Everyone can benefit from being aware of FOMO whether they’re considering investing in cryptocurrencies or making any other financial decision, even though some people are more likely than others to make reckless judgments.
Research is the first thing you should do before you start trading cryptocurrencies. Study the market, the coin you plan to use, its value, and the exchange you plan to use. You’ll be more equipped to make a wise investment choice the more knowledge you have about a specific cryptocurrency.
Remember that successful investments don’t solely depend on chance or speculation. They demand a detailed examination of each component of an asset. This indicates that the biggest error consumers make when purchasing cryptocurrency is not conducting enough research.
Trading on Bias and Emotions
The two key elements that might result in poor decision-making are prejudice and emotions. While biases lead you to base decisions on prior experiences rather than the available knowledge, emotions might lead you to act impulsively.

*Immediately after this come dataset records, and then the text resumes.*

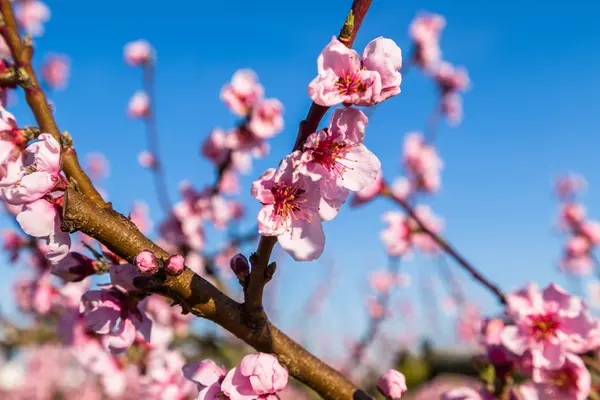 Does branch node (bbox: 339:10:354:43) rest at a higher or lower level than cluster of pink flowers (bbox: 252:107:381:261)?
A: higher

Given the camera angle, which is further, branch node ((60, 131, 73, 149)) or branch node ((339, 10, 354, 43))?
branch node ((60, 131, 73, 149))

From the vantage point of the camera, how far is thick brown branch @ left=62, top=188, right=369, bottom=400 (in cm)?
112

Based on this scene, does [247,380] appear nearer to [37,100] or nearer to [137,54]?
[37,100]

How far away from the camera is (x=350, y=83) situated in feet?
3.41

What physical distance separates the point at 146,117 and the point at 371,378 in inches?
146

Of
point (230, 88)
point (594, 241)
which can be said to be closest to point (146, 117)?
point (230, 88)

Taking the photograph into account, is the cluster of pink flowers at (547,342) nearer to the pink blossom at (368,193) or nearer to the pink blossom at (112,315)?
the pink blossom at (112,315)

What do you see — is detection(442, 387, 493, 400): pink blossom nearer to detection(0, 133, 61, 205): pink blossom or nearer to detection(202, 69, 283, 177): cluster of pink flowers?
detection(0, 133, 61, 205): pink blossom

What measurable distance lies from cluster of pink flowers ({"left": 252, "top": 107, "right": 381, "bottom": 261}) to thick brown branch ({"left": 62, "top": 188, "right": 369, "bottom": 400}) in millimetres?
229

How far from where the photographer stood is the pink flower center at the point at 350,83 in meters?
1.04

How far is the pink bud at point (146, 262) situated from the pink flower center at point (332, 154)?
431mm

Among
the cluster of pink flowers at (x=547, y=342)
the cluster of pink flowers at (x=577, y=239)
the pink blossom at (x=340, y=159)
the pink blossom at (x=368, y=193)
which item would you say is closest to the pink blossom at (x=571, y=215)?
the cluster of pink flowers at (x=577, y=239)

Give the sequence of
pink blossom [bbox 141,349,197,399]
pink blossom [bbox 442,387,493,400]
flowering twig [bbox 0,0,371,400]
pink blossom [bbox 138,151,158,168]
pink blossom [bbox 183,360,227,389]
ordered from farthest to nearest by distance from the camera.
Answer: pink blossom [bbox 138,151,158,168] → pink blossom [bbox 141,349,197,399] → pink blossom [bbox 442,387,493,400] → pink blossom [bbox 183,360,227,389] → flowering twig [bbox 0,0,371,400]

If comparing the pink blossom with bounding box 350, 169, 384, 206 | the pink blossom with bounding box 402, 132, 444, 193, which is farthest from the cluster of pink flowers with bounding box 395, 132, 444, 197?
the pink blossom with bounding box 350, 169, 384, 206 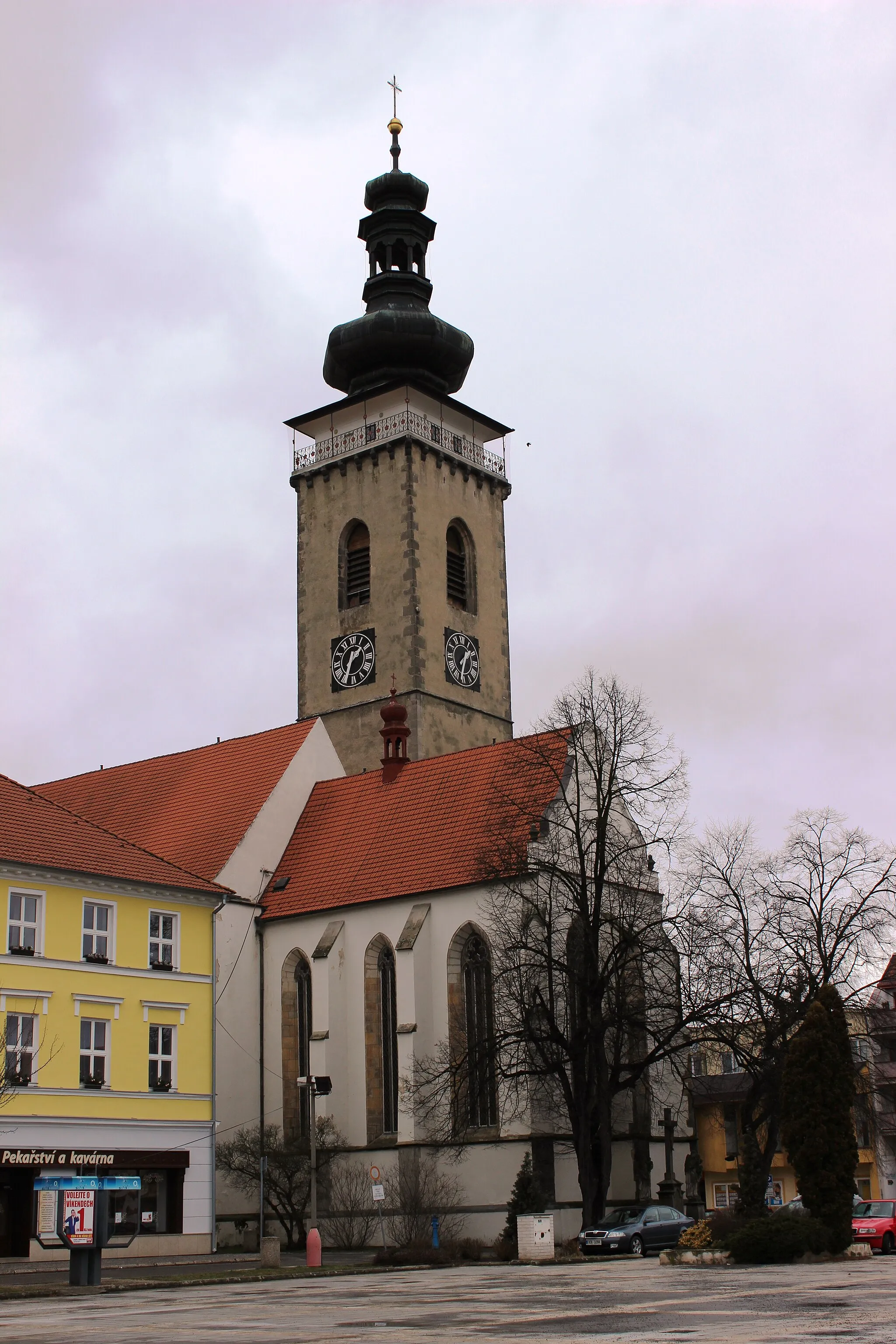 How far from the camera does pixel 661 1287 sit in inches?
790

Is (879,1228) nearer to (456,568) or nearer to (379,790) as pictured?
(379,790)

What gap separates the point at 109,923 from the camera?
117 feet

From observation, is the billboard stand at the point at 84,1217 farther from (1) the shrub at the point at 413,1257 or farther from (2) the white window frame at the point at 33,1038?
(2) the white window frame at the point at 33,1038

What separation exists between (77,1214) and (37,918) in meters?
10.6

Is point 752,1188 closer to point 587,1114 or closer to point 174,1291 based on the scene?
point 587,1114

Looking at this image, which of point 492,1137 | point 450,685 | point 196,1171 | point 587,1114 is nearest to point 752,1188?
point 587,1114

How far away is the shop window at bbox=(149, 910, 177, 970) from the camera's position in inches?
1458

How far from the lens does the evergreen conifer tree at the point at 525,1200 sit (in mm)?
32469

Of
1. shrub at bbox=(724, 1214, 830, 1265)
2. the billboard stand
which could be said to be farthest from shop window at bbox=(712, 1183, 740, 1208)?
the billboard stand

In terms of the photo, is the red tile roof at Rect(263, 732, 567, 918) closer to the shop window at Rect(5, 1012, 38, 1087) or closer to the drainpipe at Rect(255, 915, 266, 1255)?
the drainpipe at Rect(255, 915, 266, 1255)

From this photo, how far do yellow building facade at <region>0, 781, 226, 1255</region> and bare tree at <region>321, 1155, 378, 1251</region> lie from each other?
310cm

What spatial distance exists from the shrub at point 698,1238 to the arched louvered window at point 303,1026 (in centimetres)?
1482

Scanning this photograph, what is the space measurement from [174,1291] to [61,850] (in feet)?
42.5

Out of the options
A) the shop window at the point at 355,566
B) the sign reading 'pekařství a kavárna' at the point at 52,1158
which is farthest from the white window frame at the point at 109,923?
the shop window at the point at 355,566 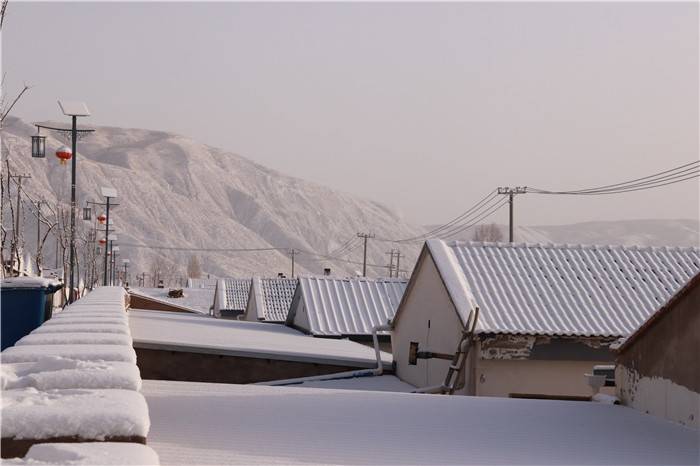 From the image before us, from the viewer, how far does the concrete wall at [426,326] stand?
55.1ft

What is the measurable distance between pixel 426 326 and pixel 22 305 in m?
8.90

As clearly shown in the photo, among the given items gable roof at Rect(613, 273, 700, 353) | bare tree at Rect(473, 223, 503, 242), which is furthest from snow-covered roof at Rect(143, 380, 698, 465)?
bare tree at Rect(473, 223, 503, 242)

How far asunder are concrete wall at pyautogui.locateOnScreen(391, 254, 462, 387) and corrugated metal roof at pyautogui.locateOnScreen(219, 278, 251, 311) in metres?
36.6

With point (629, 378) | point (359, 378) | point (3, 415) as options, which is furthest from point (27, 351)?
point (359, 378)

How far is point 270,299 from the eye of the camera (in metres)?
44.2

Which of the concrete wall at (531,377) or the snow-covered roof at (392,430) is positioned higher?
the snow-covered roof at (392,430)

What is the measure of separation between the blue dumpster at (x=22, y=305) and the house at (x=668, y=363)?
672 cm

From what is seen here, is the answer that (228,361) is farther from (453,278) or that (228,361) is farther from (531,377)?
(531,377)

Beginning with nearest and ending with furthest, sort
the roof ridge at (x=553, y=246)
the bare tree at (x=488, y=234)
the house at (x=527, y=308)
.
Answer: the house at (x=527, y=308)
the roof ridge at (x=553, y=246)
the bare tree at (x=488, y=234)

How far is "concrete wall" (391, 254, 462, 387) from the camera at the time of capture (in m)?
16.8

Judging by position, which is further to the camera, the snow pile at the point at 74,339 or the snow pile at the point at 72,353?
the snow pile at the point at 74,339

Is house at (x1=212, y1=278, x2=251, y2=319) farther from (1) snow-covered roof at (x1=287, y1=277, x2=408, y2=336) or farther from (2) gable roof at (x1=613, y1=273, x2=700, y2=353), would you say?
(2) gable roof at (x1=613, y1=273, x2=700, y2=353)

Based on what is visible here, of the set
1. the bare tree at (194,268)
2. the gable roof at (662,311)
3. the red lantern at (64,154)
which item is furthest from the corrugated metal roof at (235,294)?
the bare tree at (194,268)

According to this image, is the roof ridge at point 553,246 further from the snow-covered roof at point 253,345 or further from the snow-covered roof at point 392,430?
the snow-covered roof at point 392,430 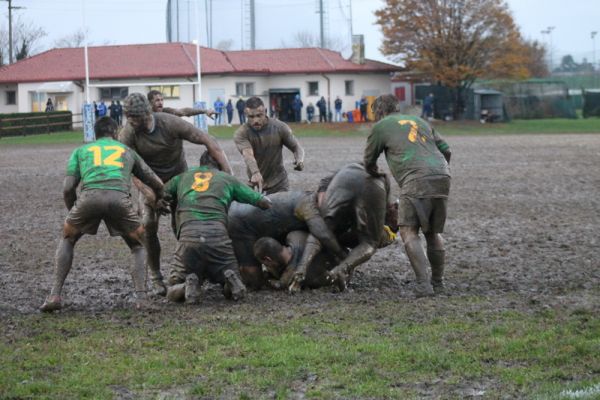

Additionally, you might be tempted to trade in accordance with your emotions, which is never a smart move. Your feelings may be telling you that something will rise or fall, but the market may disagree and ultimately go in the opposite direction from what you believe it should.
When people learn this has occurred more than once in their trading history, it might send them down a rabbit hole of terrible trading practices.
Unfollowing Your Trades
One of the most crucial things you can do while trading cryptocurrencies is to keep track of your trades. This is because it enables you to spot patterns and trends, which will enable you to decide whether to purchase or sell with greater knowledge.
You can keep track of your trades in a few different methods, such as by using a platform, spreadsheet, bot, or cryptocurrency trading app. Depending on the type of trader you are and how much time and effort you are willing to put into monitoring activity, you can decide which strategy is best for you.